# Problem description:
Setting aside any pictures, reproduce the data exactly.

** Opening Provided data block **

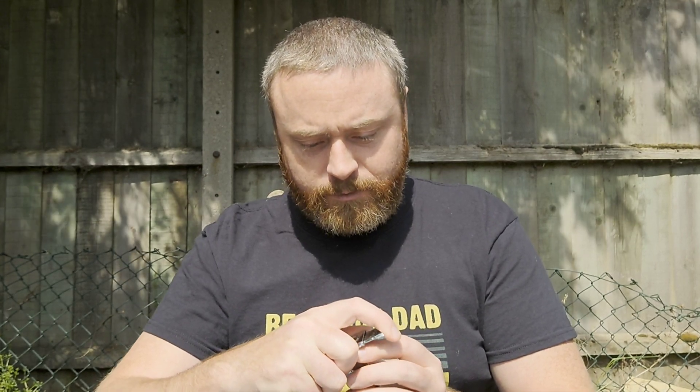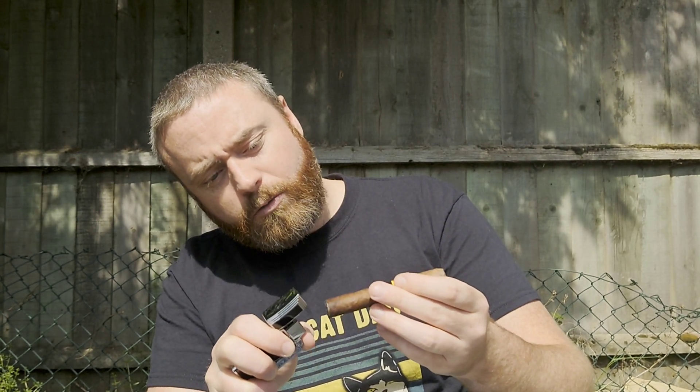Welcome back — we are outside with the Cohiba Maduro 5 Secritos cigar. I'm going to do a straight cut, just nicking a little bit off the triple cap — not too far down, not too far up. Let's get her toasted and lit. Like I say, it's been cured for five years — that's why it has the Maduro 5 Secritos name. They're meant to be very nice cigars, and I don't want to ruin the toast.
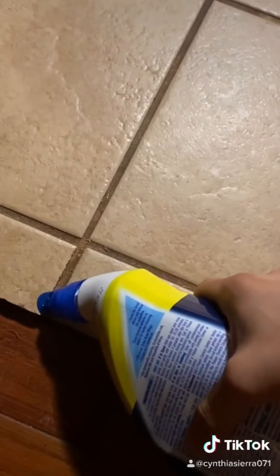Hey guys, so I recently came across some videos on TikTok where people are cleaning the grout in between their tiles. I'm at my suegra's house right now and I thought she could really use a good clean of her grout in her kitchen.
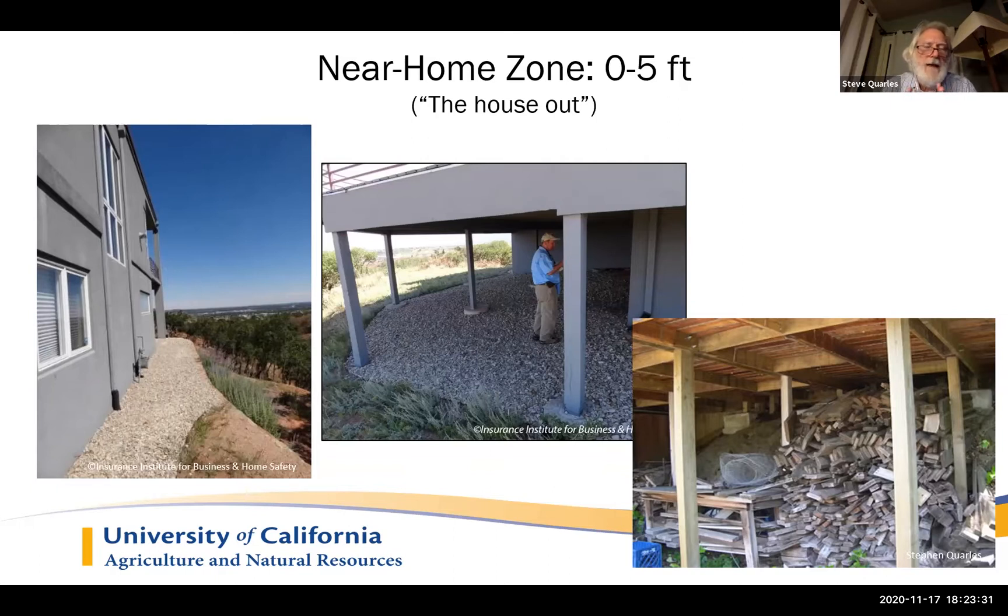You have to acknowledge that this near-home zone includes under the footprint of any attached deck. These pictures are from Colorado Springs after the 2012 Waldo Canyon fire. You really can't expect to have your own personal lumber yard under your deck — as we see in the lower right-hand picture — and expect any deck to survive. Burning decks typically ignite your home because fire moves from the deck to the home through sliding glass doors, through siding, or through some sort of access from the deck to the home.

** Closing Provided data block **

# Exercise solution:
Welcome back — we are outside with the Cohiba Maduro 5 Secritos cigar. I'm going to do a straight cut, just nicking a little bit off the triple cap — not too far down, not too far up. Let's get her toasted and lit. Like I say, it's been cured for five years — that's why it has the Maduro 5 Secritos name. They're meant to be very nice cigars, and I don't want to ruin the toast.
Hey guys, so I recently came across some videos on TikTok where people are cleaning the grout in between their tiles. I'm at my suegra's house right now and I thought she could really use a good clean of her grout in her kitchen.
You have to acknowledge that this near-home zone includes under the footprint of any attached deck. These pictures are from Colorado Springs after the 2012 Waldo Canyon fire. You really can't expect to have your own personal lumber yard under your deck — as we see in the lower right-hand picture — and expect any deck to survive. Burning decks typically ignite your home because fire moves from the deck to the home through sliding glass doors, through siding, or through some sort of access from the deck to the home.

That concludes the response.